#### Task brief
Filter by the string "video": return the lines of the material that contain it.

#### Input for this task
◆ ◆ ◆ ◆ ◆ ◆ ◆

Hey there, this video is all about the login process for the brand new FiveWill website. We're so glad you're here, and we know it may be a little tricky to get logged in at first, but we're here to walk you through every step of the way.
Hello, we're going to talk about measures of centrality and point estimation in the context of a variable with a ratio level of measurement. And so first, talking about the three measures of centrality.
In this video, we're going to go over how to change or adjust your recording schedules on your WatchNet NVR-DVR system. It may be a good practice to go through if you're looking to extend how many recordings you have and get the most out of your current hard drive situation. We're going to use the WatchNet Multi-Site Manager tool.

◆ ◆ ◆ ◆ ◆ ◆ ◆

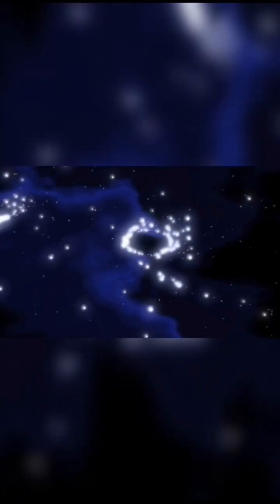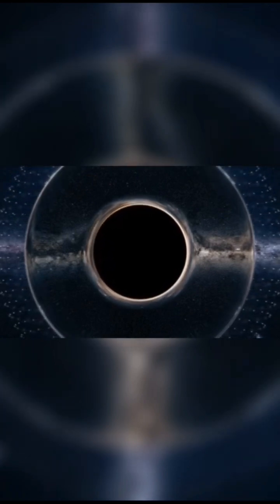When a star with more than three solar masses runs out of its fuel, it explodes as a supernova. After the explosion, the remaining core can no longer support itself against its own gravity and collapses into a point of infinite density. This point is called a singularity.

◆ ◆ ◆ ◆ ◆ ◆ ◆

#### Written answer
Hey there, this video is all about the login process for the brand new FiveWill website. We're so glad you're here, and we know it may be a little tricky to get logged in at first, but we're here to walk you through every step of the way.
In this video, we're going to go over how to change or adjust your recording schedules on your WatchNet NVR-DVR system. It may be a good practice to go through if you're looking to extend how many recordings you have and get the most out of your current hard drive situation. We're going to use the WatchNet Multi-Site Manager tool.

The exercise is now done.